The required output is the run of lines from the one holding "Dinosaur Fossil Cookie" through the final line of the listing, restated word for word, with no pictures.

PROVIDED MATERIAL
*** Block opens ***

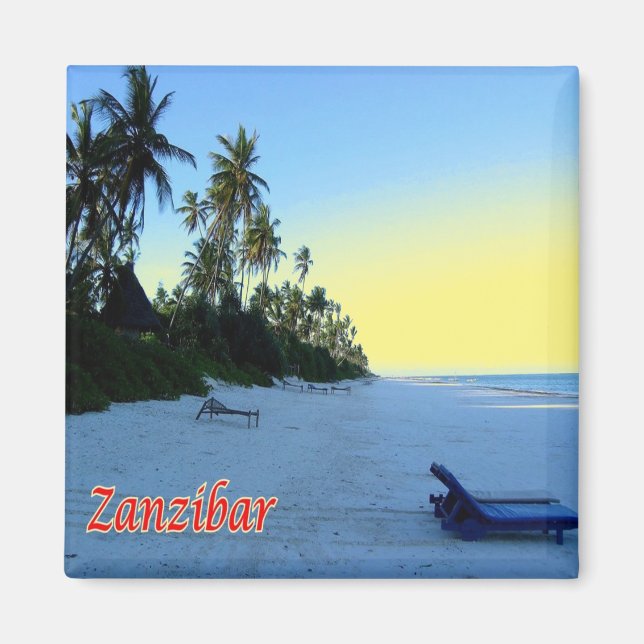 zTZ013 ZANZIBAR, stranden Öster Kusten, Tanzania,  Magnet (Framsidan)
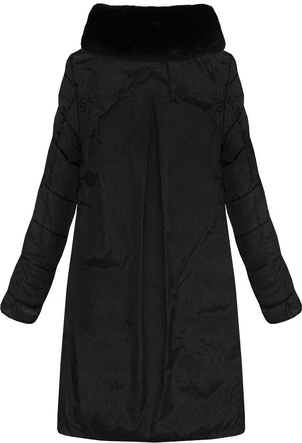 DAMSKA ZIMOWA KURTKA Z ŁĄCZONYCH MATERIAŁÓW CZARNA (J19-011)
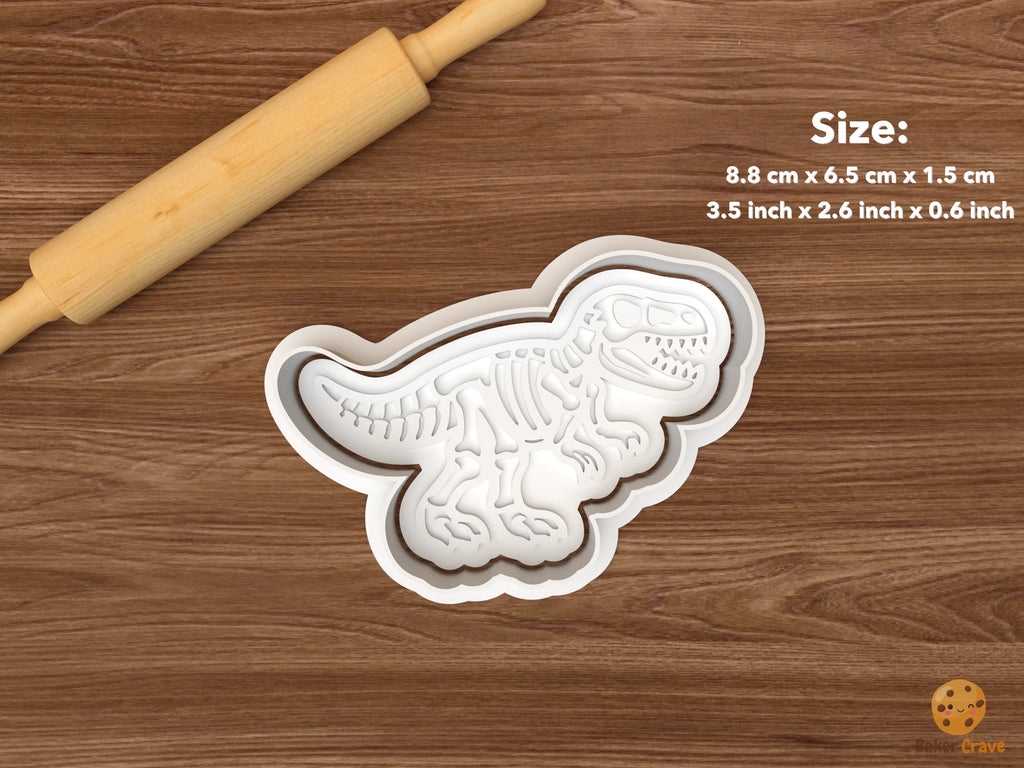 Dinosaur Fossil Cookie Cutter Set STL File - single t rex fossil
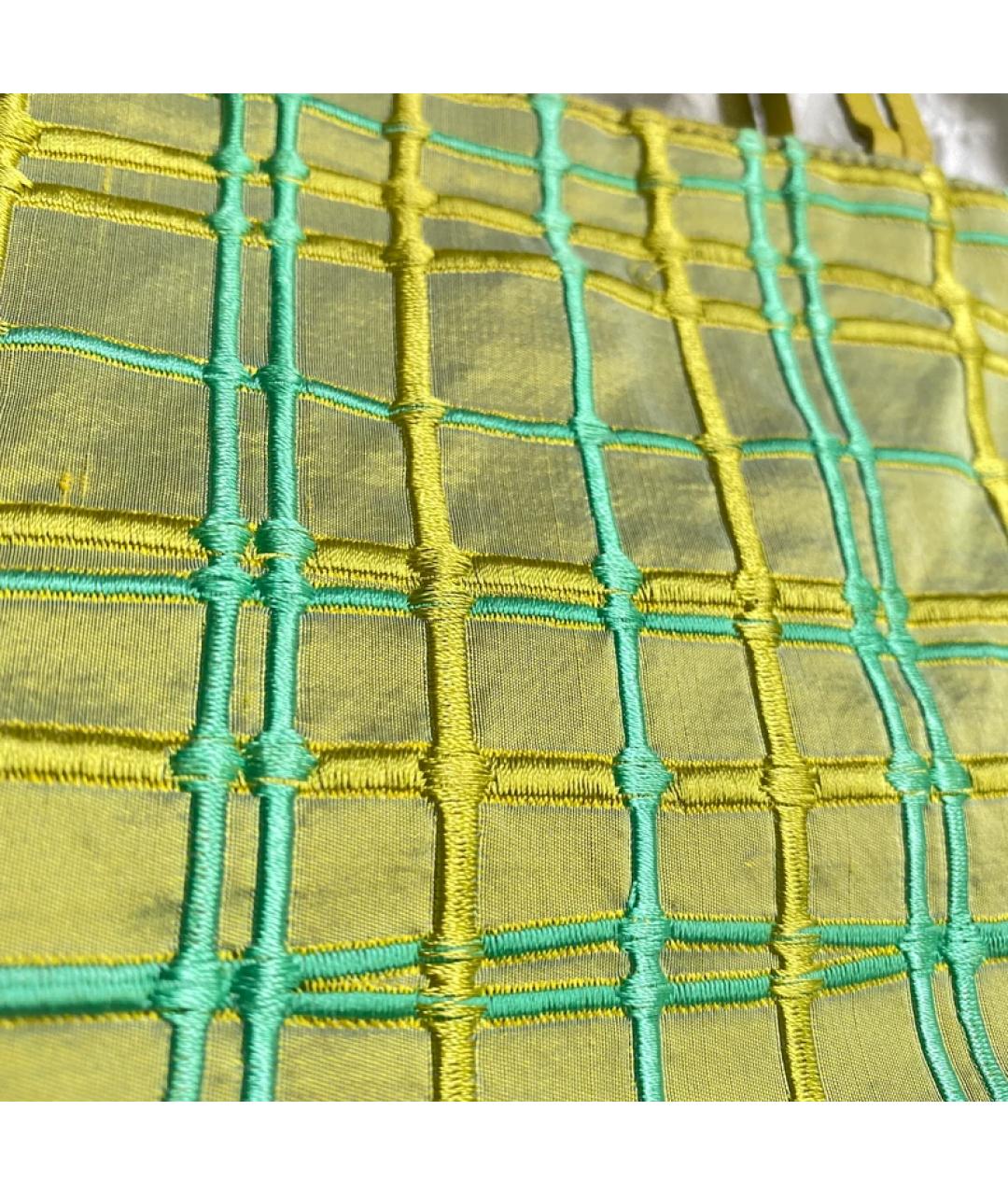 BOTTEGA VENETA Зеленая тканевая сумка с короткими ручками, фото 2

*** Block closes ***

FINAL ANSWER
 Dinosaur Fossil Cookie Cutter Set STL File - single t rex fossil
 BOTTEGA VENETA Зеленая тканевая сумка с короткими ручками, фото 2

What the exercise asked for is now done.